What you mention in your email tries to achieve the same goal by a different route: when the user has chosen one object and also the relationship type, highlight all the other objects of any type from which a legal combination could be made.
I've seen other tools go even further: you select one object and a relationship type, and the tool offers to create a new object and a relationship to it. That tends to be seen in tools with a weak or naive idea of a graph, where objects can't exist unless they are connected into some structure with other objects, often a tree.
Our approach mirrors the way modelers work: they know the objects without really thinking, but the exact types of the relationships and roles are not always as intuitive. For instance in a family tree, everyone can select objects called "Mum" and "Dad", but they won't necessarily know what names the metamodeler has given to the relationship and role types to connect them: Parent, Spouse, Wife, Mother, Father etc. Or in UML, you can select "Car" and "Wheel", but then have to think if you want an Aggregation or Association between them.
Our approach also copes fine with n-ary relationships and large graphs; imagine yours applied to a large UML class diagram or family tree -- pretty much every object would often be highlighted, which isn't really offering any guidance.
Have you thought through what should happen in your case if there are multiple graphs open, each with an object and relationship type selected? Or multiple objects selected in one graph? Or two diagrams open on the same graph, but with different selections in each? Or a matrix? MetaEdit+ already works with all of those cases. They are also good examples why we don't provide an API command "selectedObject" or "currentRelationshipType" - there is no single answer to that.
What can be done is to use copiedObjects:
MEOopArray copiedObjects (MENull receiver)
Returns the MEOops of objects currently in the copy buffer. Bindings in the copy buffer are ignored. This is a useful way of allowing users to select an object in MetaEdit+, and have your application know which object was selected: rather than just selecting the object, they can select and copy it.

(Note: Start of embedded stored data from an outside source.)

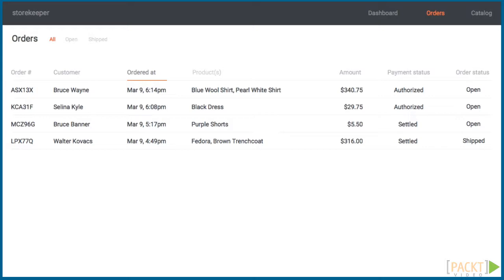Users can update their product catalog, look at current orders, and see a dashboard to get the pulse of their business. The first page we're building is the list of orders.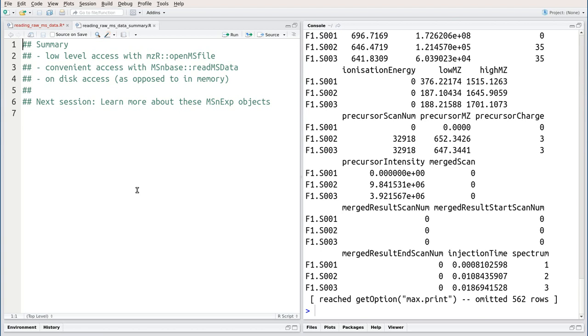In the next session, we're going to learn more about these MSNX objects and how to manipulate this raw data.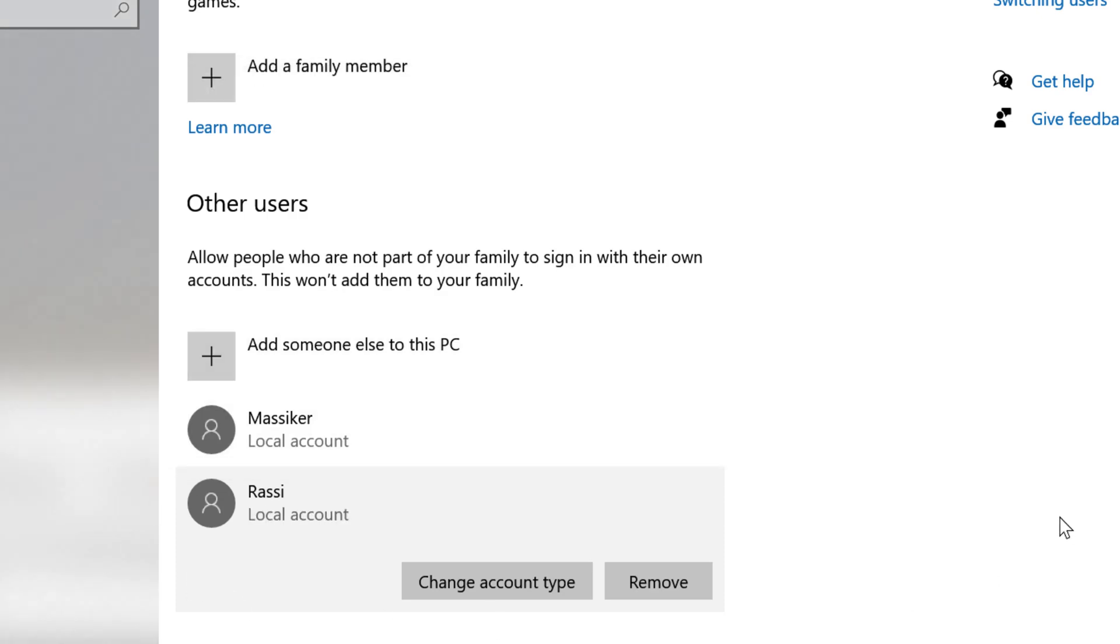So friends, I hope you like this video. And by this easy and simple video we can know how to change account type in Windows 10 PC. Thanks for watching this video. Please subscribe the channel for latest updates.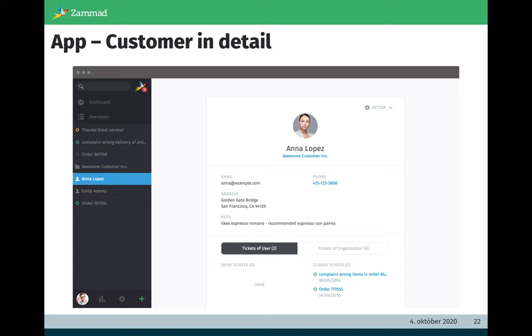A typical customer detail view looks like this. You have the customer attributes and below you have the tickets of this customer. Here we distinguish between open and closed tickets. This customer is quite relaxing because only closed tickets are available for this user. And you see this by the color green. So the agent is relaxing by watching this screen.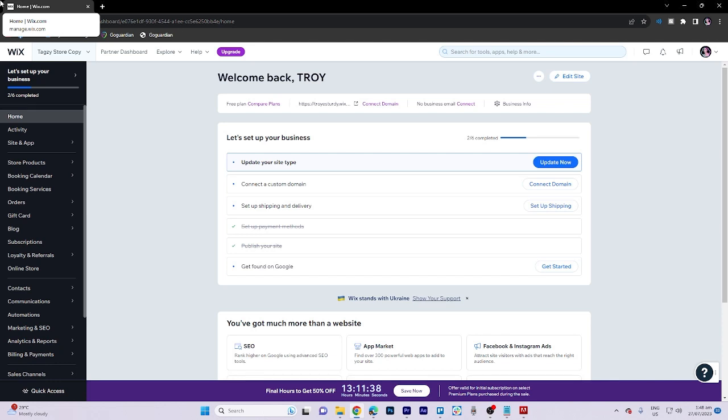In today's video, I'm going to walk you through how to remove login to Wix website. First and foremost, click on edit site.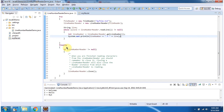Inside the finally block I am closing the LineNumberReader. And this is about LineNumberReader. Thanks for watching.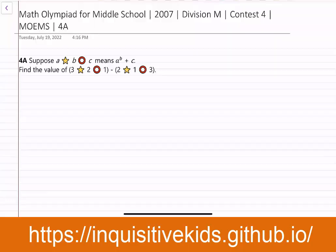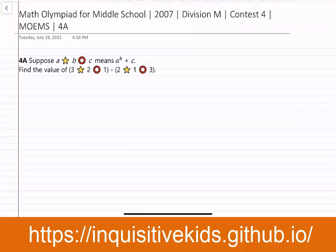In the first parentheses we have 3 star 2 circle 1. 3 star 2 is the same as 3 to the second power, and then plus 1, and that equals 10.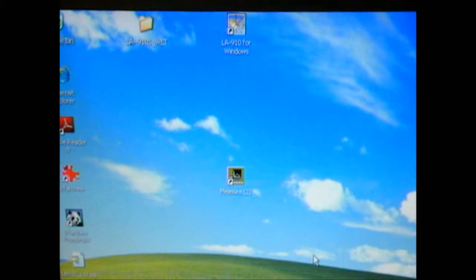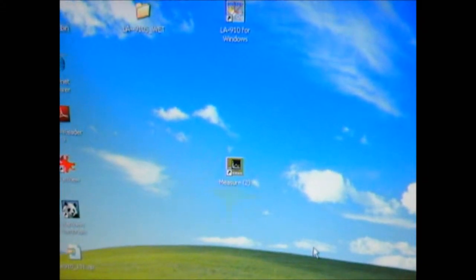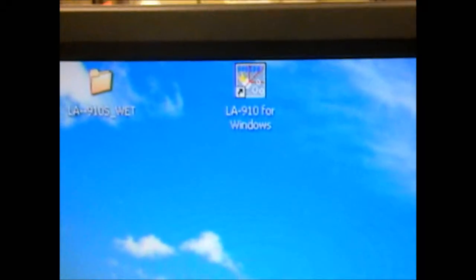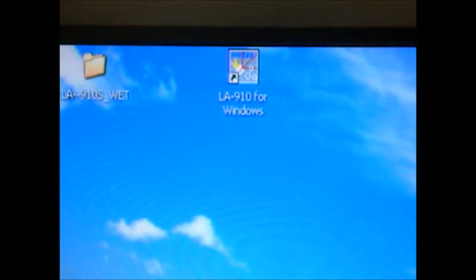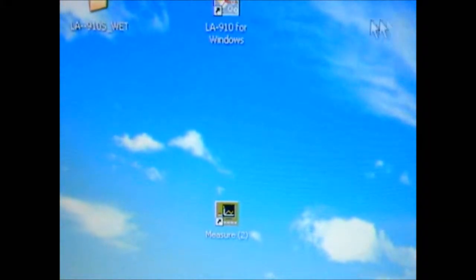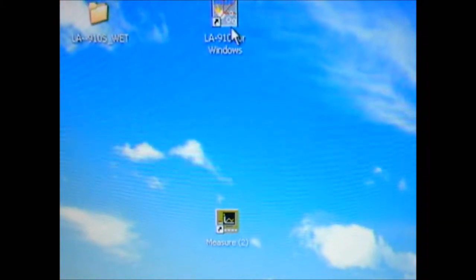When the software is loaded, you should see two icons — one on the bottom that says Measure, and one on the top that says LA-910 for Windows. You want to click on the one that says LA-910 for Windows.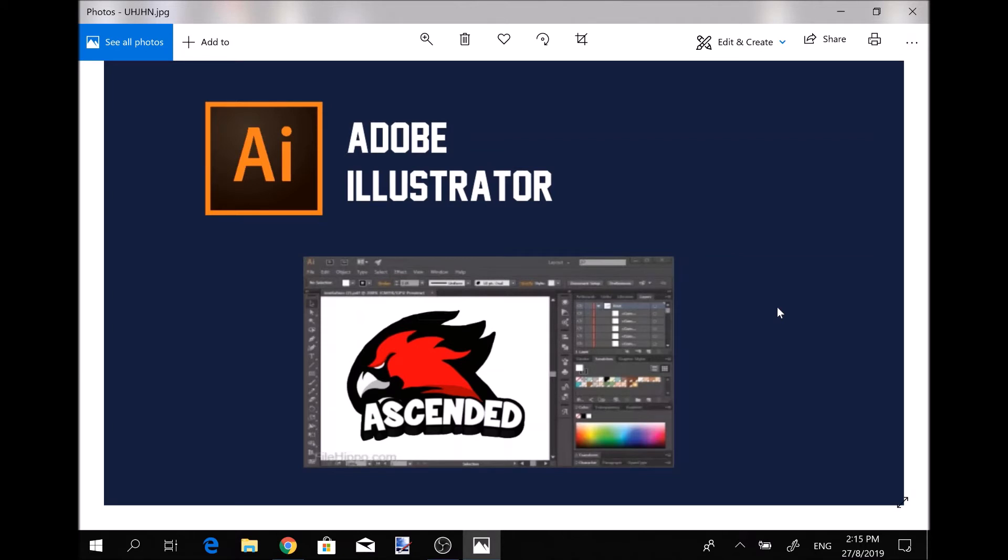As you can see, this logo which you guys can see in my profile, I made this logo with Adobe Illustrator, and trust me, it took me a couple days. You can download Adobe Illustrator for PC.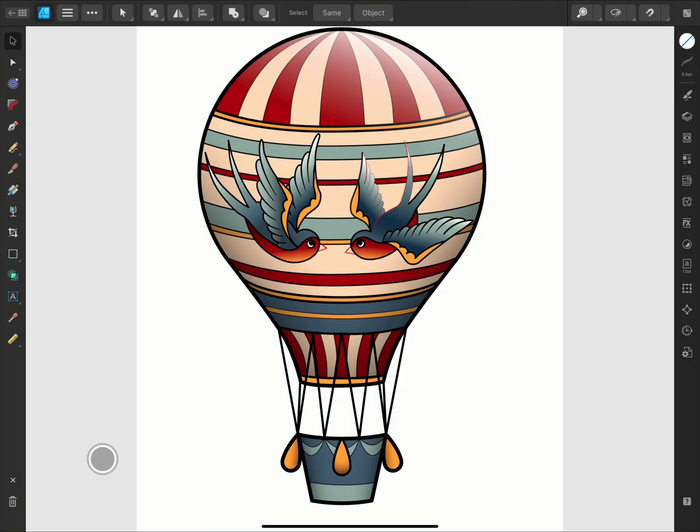The Pencil tool creates vector curves and resembles the natural feel of drawing. Because vector curves are editable, I'll also show you how to edit the strokes afterwards with the Node tool.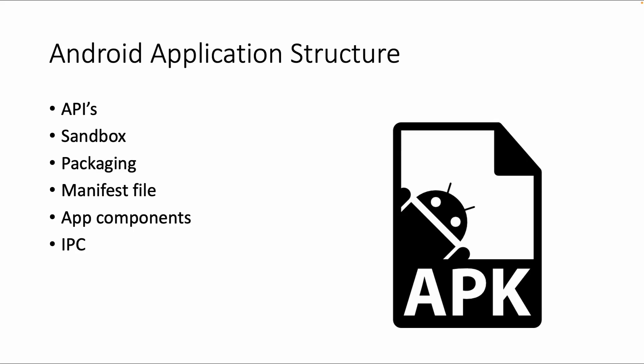Welcome to this lesson about the Android application structure. We will talk about APIs and how they're related to an Android app.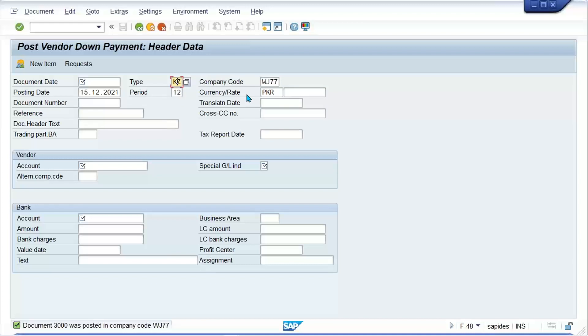If somebody changes it to zero-one, then zero-one will be used, and we also have created this number range. So pretty simple logic is there now.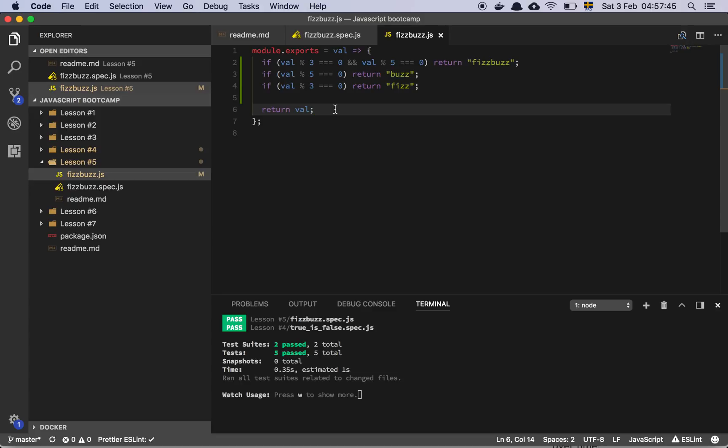And that's all there is to the FIZZBUZZ algorithm. Yeah, that's basically it. Have a great day!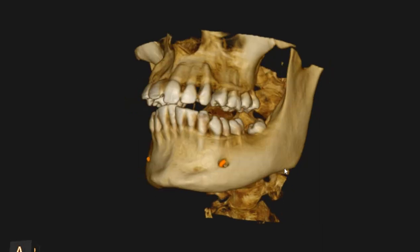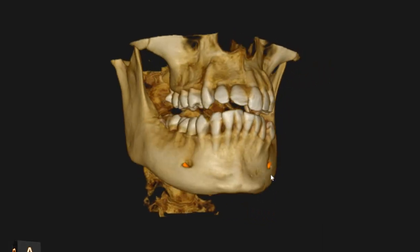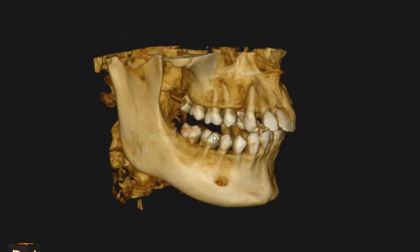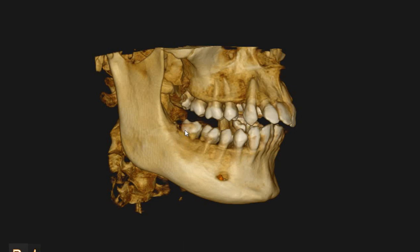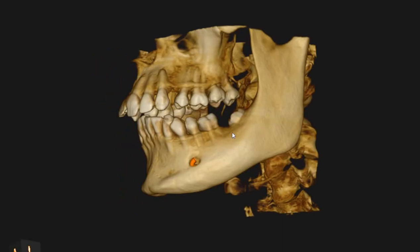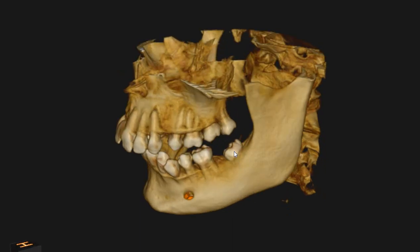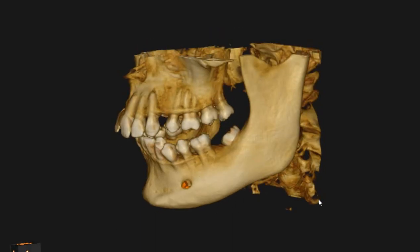Hello and Asalaamu alaikum, Ultrascan Diagnostics here. This is the CBCT of the patient that you had requested. The area of interest is 47, 48 and 37, 38, but we don't have a 37 — we only have a 38.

That still leaves you without the relationship type and graph, but you could make the next step be to run a generator (which will give you the graph) that calls your API function. That can then figure out the legal relationship types for the selected object(s), and offer to create new relationships and possibly objects based on that, or then highlight some other objects. I'm pretty sure the end result will be longer and more complicated for the modeler (not to mention for you!) than what MetaEdit+ already offers, but then that too is a perfectly valid research result!